== WORK REQUEST ==
Reproduce the data below exactly as written. Pictures do not belong in the copy.

== DATA SEGMENT ==
---

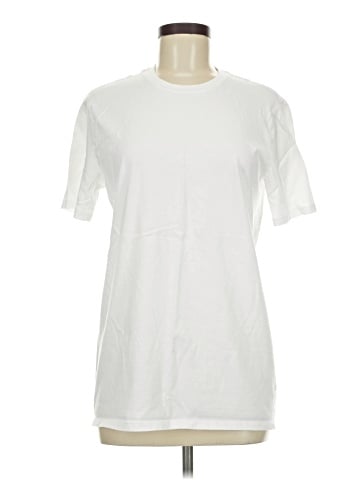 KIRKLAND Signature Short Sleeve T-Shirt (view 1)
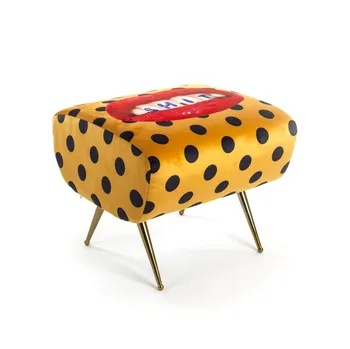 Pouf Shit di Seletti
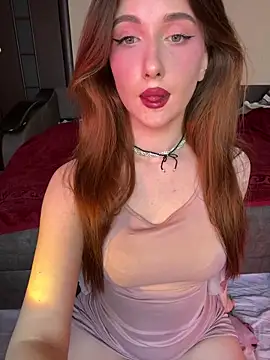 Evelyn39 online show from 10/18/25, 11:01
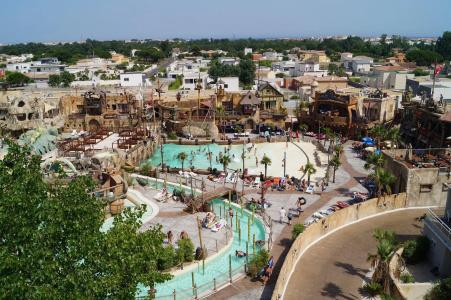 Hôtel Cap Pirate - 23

---

== PROBLEM SOLUTION ==
 KIRKLAND Signature Short Sleeve T-Shirt (view 1)
 Pouf Shit di Seletti
 Evelyn39 online show from 10/18/25, 11:01
 Hôtel Cap Pirate - 23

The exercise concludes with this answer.